§ **Work to be completed**: Any pictures in the records below must be left out when you repeat the lines from the line containing "preparation-des-ingredients-salade-pate-pesto-jambon-cru" through the line containing "LCW Kids EKRU" exactly.

§ **Available records**:

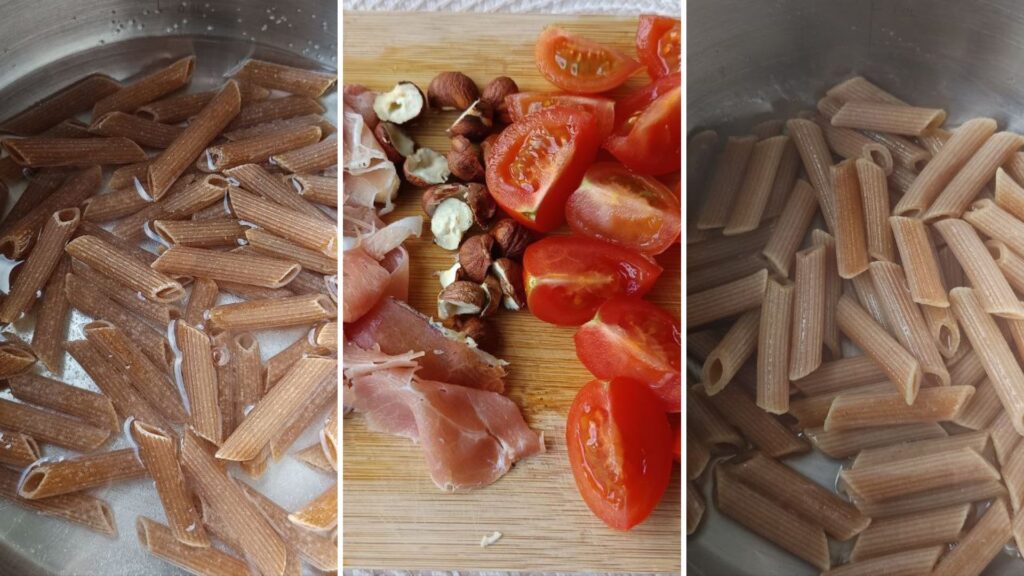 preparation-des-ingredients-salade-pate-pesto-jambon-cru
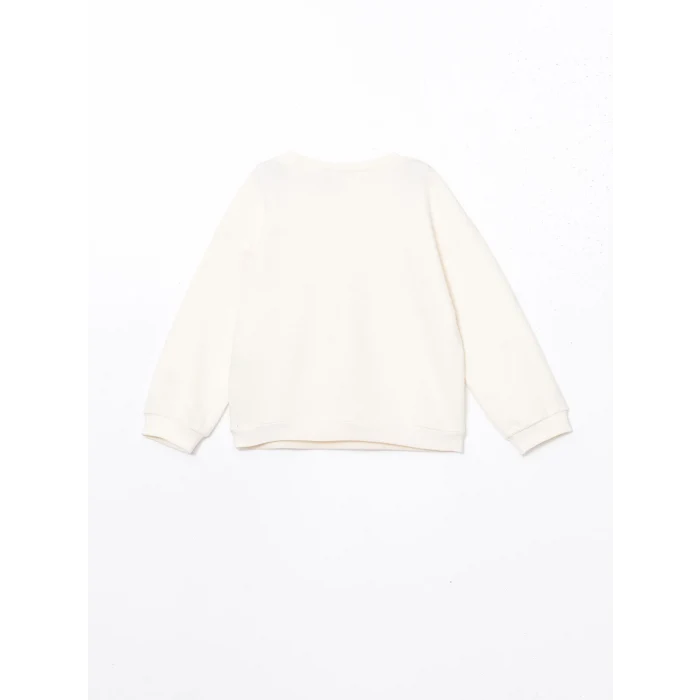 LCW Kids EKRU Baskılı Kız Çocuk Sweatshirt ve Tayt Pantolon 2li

---

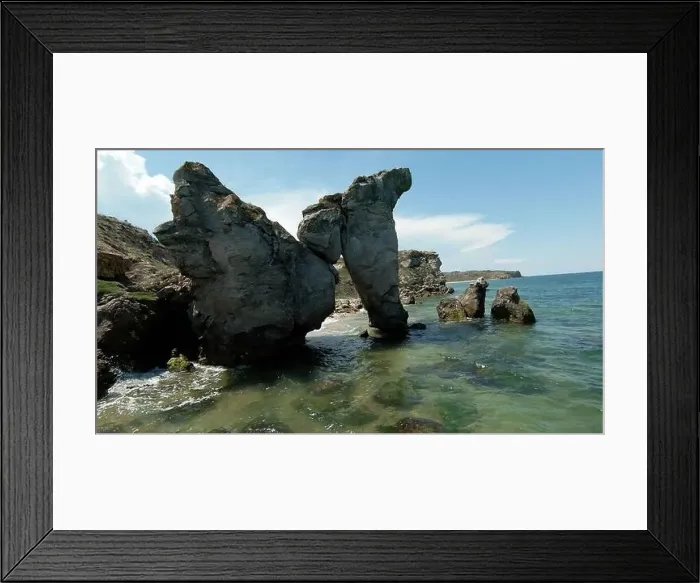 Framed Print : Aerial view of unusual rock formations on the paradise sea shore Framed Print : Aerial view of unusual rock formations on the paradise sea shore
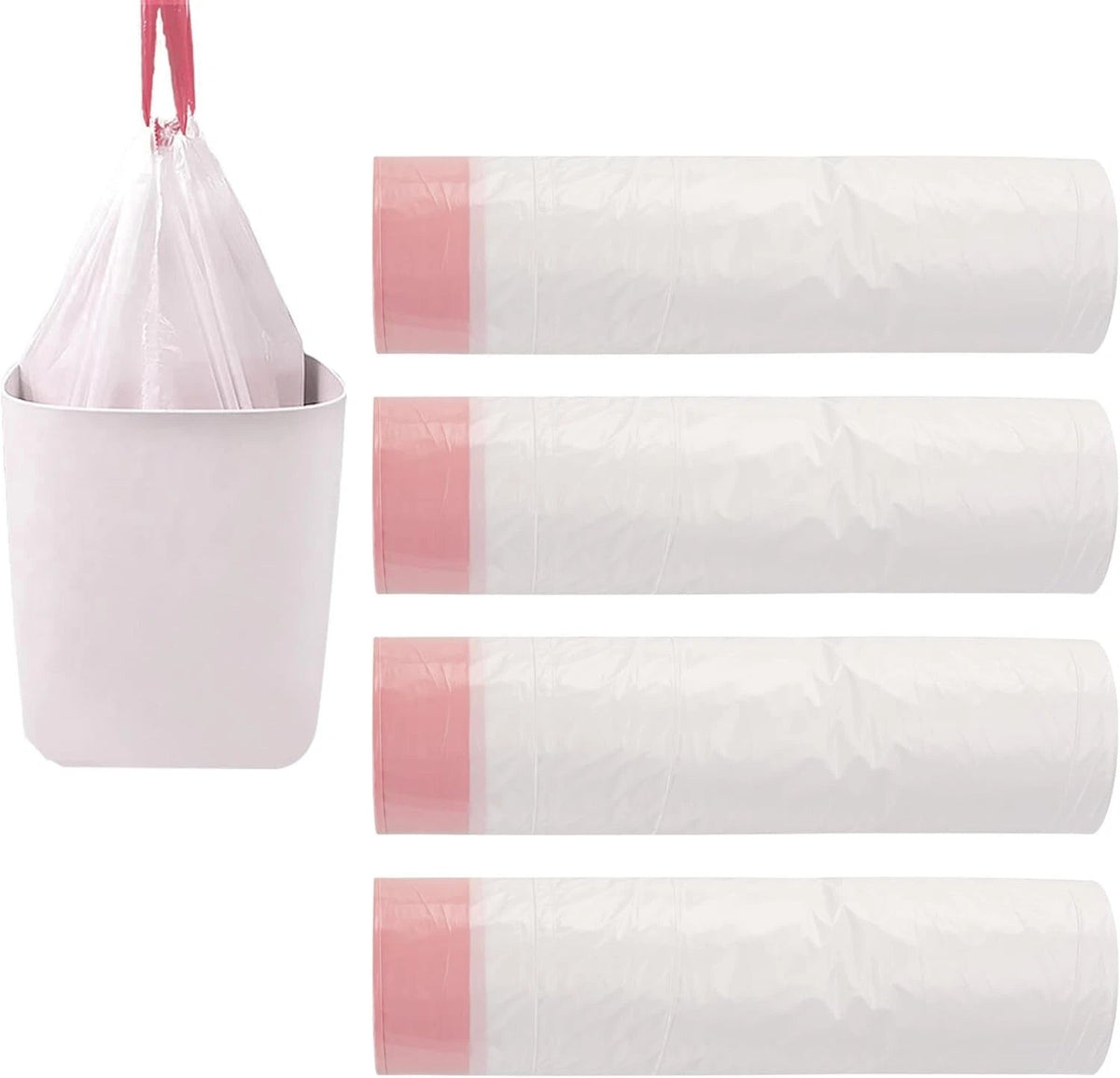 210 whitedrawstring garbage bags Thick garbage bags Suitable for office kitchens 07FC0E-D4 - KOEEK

---

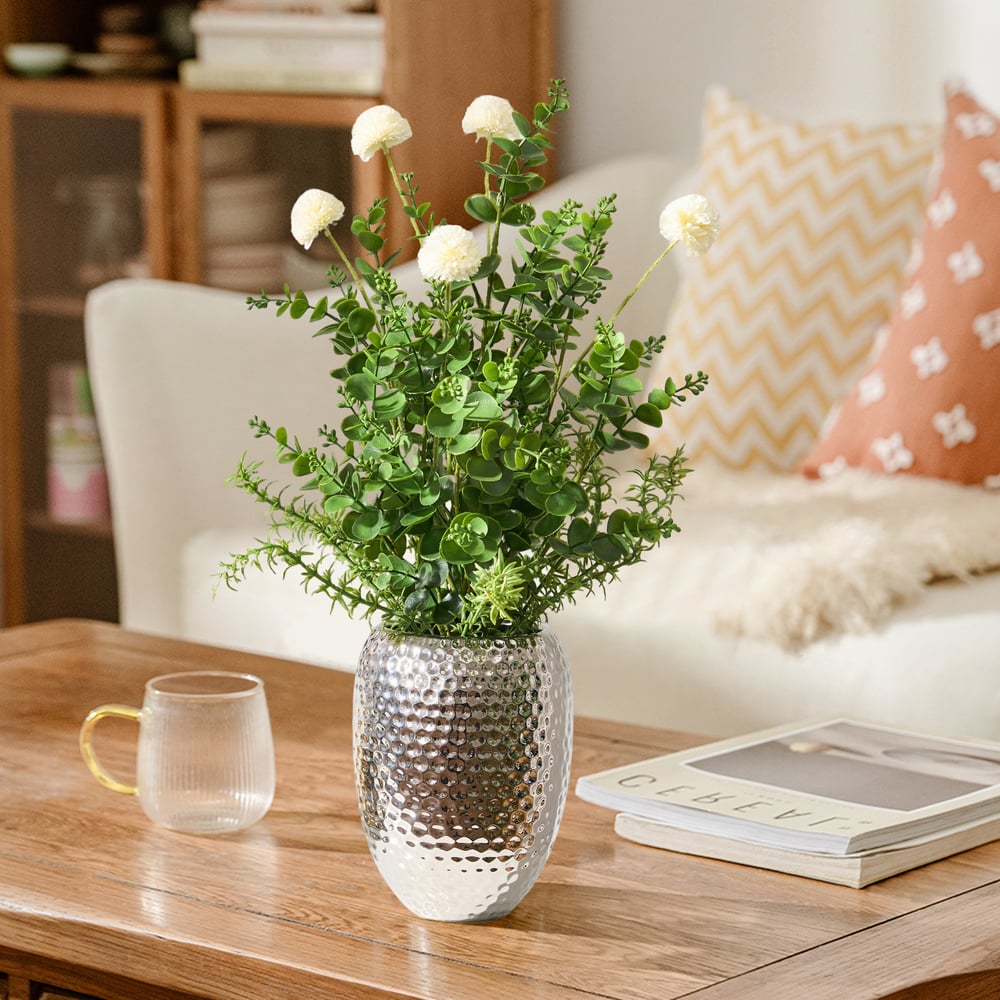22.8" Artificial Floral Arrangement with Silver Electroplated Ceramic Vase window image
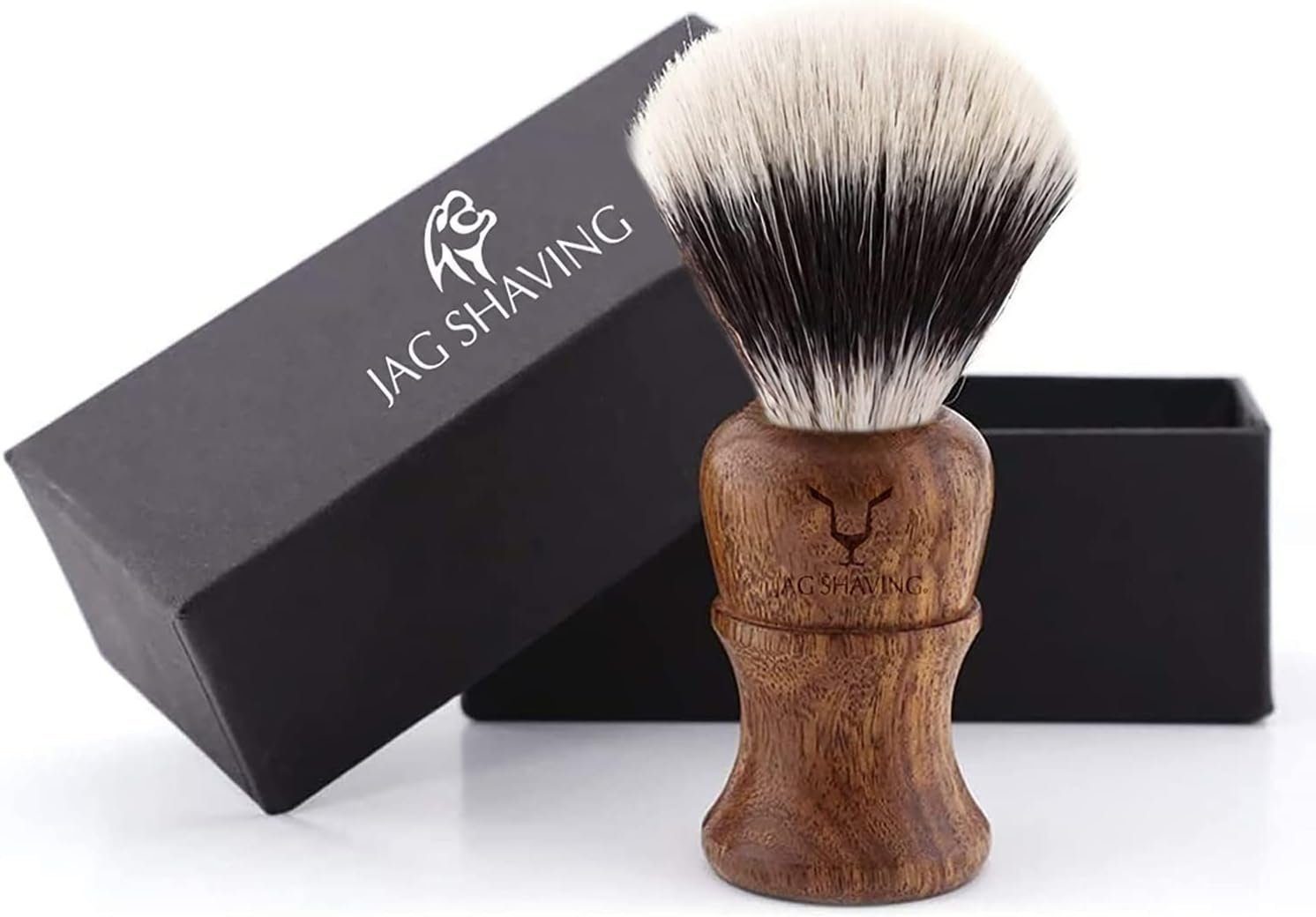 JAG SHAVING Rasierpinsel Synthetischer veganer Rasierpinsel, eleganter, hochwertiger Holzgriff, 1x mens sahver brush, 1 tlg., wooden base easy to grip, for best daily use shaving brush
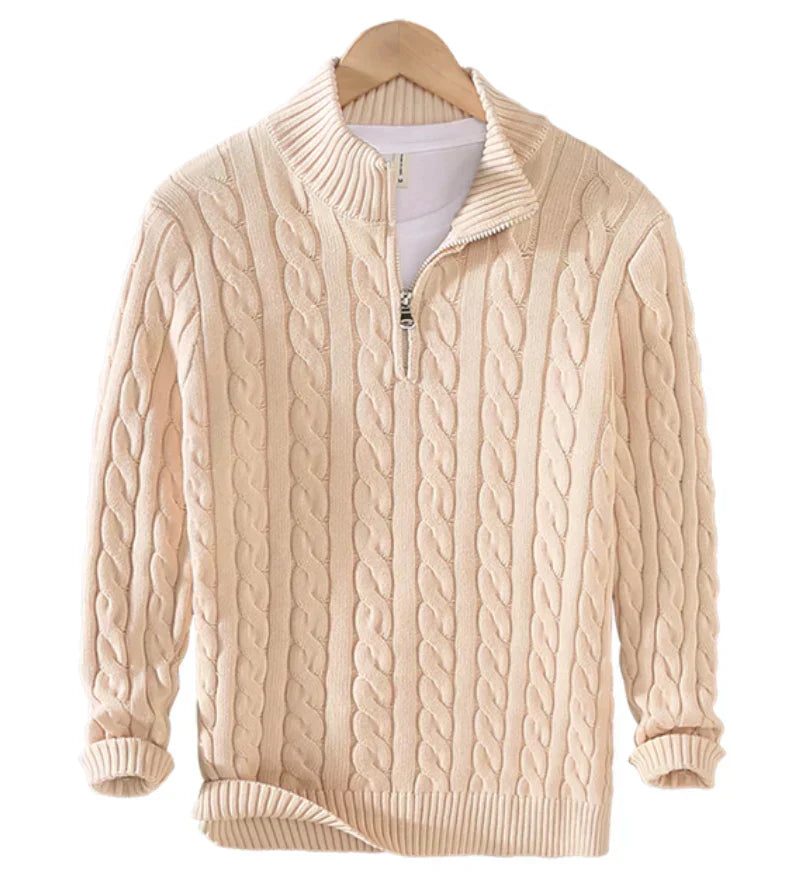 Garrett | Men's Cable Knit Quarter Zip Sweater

§ **Answer box**:
 preparation-des-ingredients-salade-pate-pesto-jambon-cru
 LCW Kids EKRU Baskılı Kız Çocuk Sweatshirt ve Tayt Pantolon 2li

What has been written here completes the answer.